Why Not Thread Everything?

What do a t-shirt and a computer program have in common?

They are both composed of many threads! LOL

Those who belong to Information Technology field must know what a ‘thread is’. For Non-ITs I would like to make it clear that this “thread” is not the “thread” which our mom uses to stitch our shirt’s button! ROFL! 

Now back to business! 

There are several very useful benefits to threading; we can have several processes running at once, and several threads running within those processes. So, with all these benefits, why don’t we just use new threads for all of our methods? Wouldn’t that just make everything run fast? Not really. As a matter of fact, we will see in this section that quite the opposite can happen if we overuse threading.

Multithreaded applications require resources. Threads require memory to store the thread-local storage container. As you can imagine, the number of threads used is limited by the amount of memory available. Memory is fairly inexpensive these days so many computers have large amounts of memory. However, you should not assume that this is the case. If you are running your application on an unknown hardware configuration, you cannot assume that your application will have enough memory. Additionally, you cannot assume that your process will be the only one spawning threads and consuming system resources. Just because a machine has a lot of memory, doesn’t mean it’s all for your application.

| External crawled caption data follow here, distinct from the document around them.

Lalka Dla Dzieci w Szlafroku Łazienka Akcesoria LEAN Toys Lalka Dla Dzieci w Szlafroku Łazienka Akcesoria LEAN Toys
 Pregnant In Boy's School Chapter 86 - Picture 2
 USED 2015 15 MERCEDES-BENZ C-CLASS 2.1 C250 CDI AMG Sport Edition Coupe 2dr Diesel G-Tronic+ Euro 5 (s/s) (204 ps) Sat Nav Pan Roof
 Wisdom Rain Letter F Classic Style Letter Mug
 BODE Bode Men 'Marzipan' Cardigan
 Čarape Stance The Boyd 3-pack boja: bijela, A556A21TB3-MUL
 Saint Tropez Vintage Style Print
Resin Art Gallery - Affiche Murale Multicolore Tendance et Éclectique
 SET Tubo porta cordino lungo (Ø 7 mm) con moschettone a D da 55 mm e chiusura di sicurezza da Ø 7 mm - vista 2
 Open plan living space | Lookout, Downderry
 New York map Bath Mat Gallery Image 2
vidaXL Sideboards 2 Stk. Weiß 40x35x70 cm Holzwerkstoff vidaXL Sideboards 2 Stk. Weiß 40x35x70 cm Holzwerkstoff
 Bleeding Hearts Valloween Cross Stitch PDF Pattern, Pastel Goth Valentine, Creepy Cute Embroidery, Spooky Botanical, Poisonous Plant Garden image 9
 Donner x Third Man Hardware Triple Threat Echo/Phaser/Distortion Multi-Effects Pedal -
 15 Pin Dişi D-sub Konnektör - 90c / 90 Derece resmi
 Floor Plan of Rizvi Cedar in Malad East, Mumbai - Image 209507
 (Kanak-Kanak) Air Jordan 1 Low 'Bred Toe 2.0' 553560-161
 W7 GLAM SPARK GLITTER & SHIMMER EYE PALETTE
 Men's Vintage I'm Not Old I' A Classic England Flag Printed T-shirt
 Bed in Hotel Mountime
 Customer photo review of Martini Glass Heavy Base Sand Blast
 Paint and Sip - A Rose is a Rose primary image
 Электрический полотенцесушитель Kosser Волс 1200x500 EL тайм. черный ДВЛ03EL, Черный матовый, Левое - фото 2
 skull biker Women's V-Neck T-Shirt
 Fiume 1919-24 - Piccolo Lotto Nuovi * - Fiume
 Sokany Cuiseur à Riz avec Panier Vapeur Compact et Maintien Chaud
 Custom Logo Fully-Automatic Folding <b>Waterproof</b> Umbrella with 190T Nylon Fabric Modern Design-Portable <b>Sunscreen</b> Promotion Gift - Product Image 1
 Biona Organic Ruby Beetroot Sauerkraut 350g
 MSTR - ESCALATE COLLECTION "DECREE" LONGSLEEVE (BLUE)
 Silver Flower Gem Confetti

You will also discover that each thread also incurs additional processor overhead. Creating too many threads in your applications will limit the amount of time that your thread has to execute. Therefore, your processor could potentially spend more time switching between threads as opposed to actually executing the instructions that the threads contain. If your application is creating more threads, your application will gain more execution time than all the other processes with fewer threads.

To make this concept easier to understand, take the parallel example you’ll find down at your local grocery store. Two cashiers are scanning groceries for their customers. However, there is only one bagger, who takes turns switching between the two cashiers. The bagger is rather efficient at jumping back and forth between the two registers and bagging the groceries because they don’t pile up any faster than the bagger can bag the groceries. However, if two more cashiers open up lanes, it will become apparent that the bagger will spend more time jumping back and forth between the registers than they spend actually bagging groceries. Eventually, the store will need to get another bagger. In the case of threading, think of the cashiers as applications - or threads, and the bagger as a processor. The processor has to switch between threads. As the “threads” increase, the grocery store has to add another “processor” to be sure that the customers get the attention they need.

The phrase “too many threads” is a rather generic term - and rightly so. What constitutes “too many” on one system could be fine on another. Since hardware configurations largely dictate the number of threads available on a system, “too many” is an unquantifiable variable without specific configuration details and lots of testing.

It is for these reasons that Microsoft recommends that you use as few threads as possible in your applications. This limits the amount of resources required by the operating system.